**WORK REQUIRED:**
Every line from the one with "Gold Stone Choker" through the final line of the data below goes in the answer, copied exactly. Pictures do not.

*** Opening of DATA SEGMENT ***

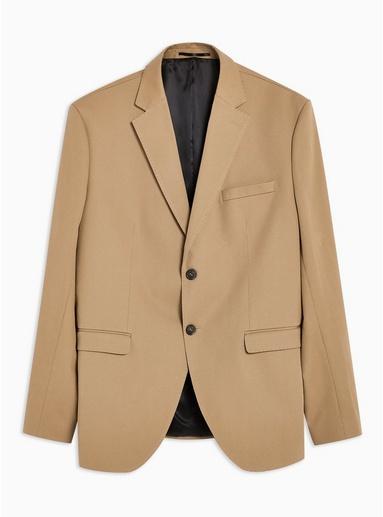 Selected Homme Mens Brown Selected Homme Beige Blazer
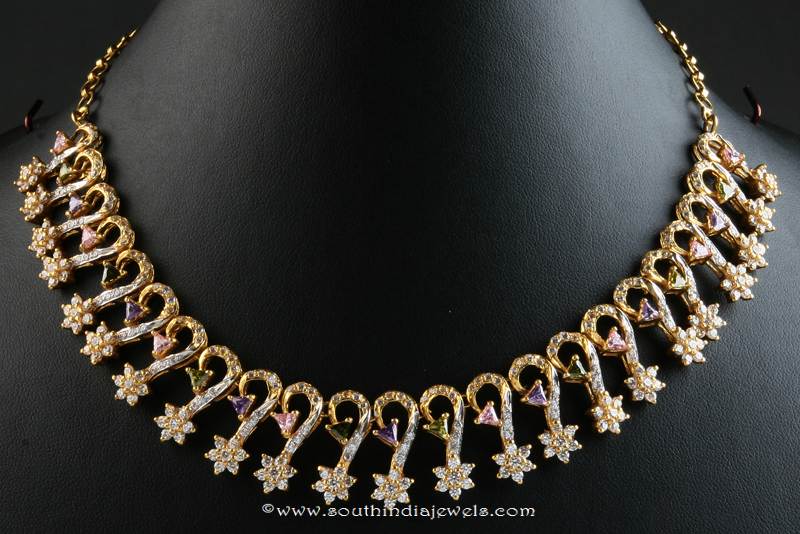 Gold Stone Choker From Senthil Murugan Jewellers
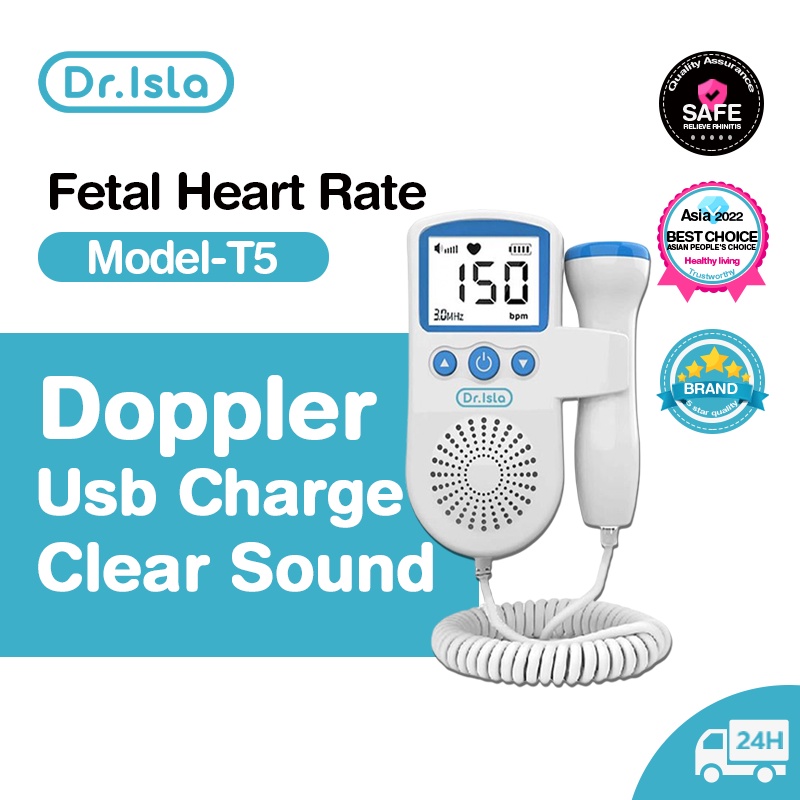 Dr.IslaFetal Doppler Heart Rate Ultrasound Monitor Pregnancy Baby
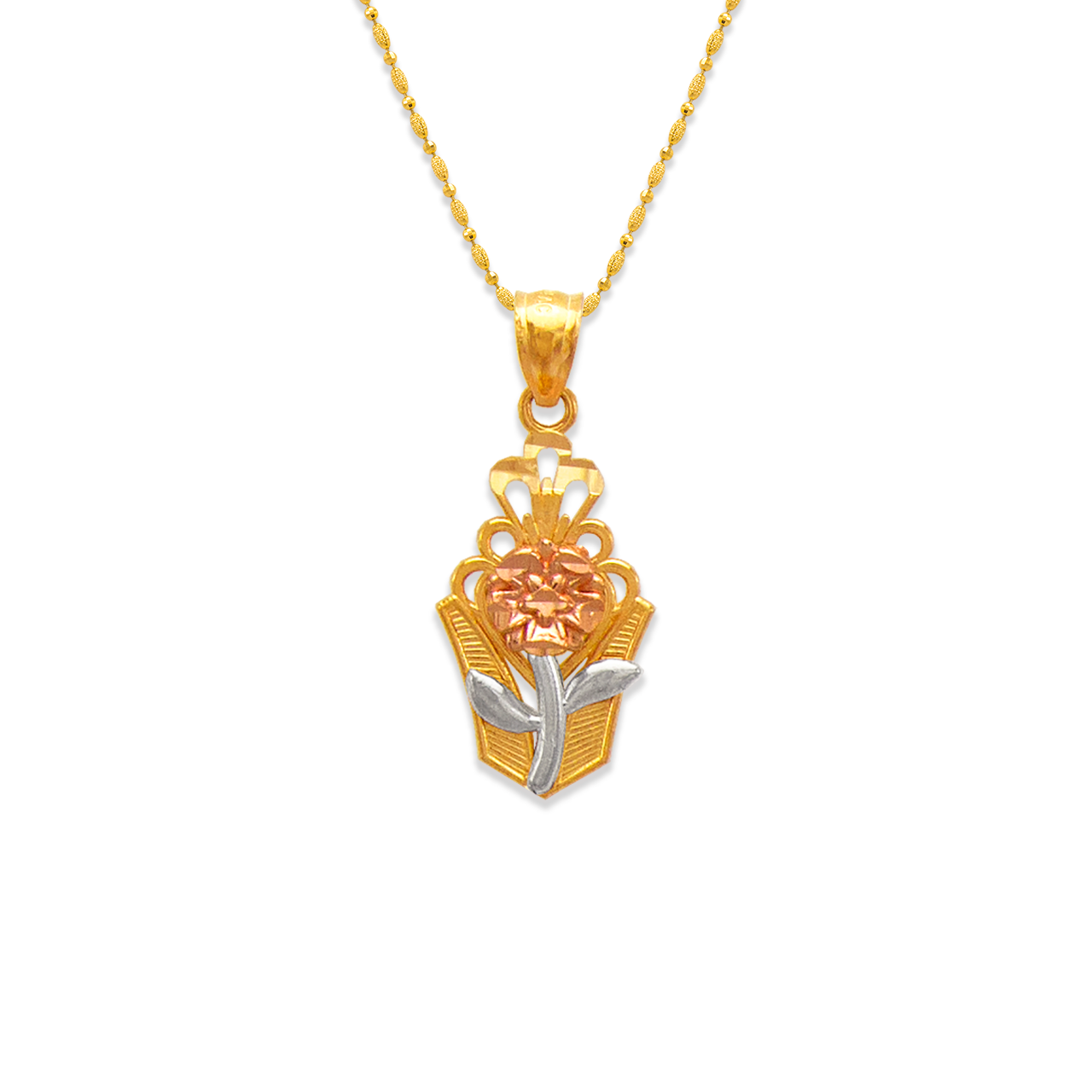 Rose Bouquet Pendant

*** Close of DATA SEGMENT ***

**SOLUTION TO THE PROBLEM:**
 Gold Stone Choker From Senthil Murugan Jewellers
 Dr.IslaFetal Doppler Heart Rate Ultrasound Monitor Pregnancy Baby
 Rose Bouquet Pendant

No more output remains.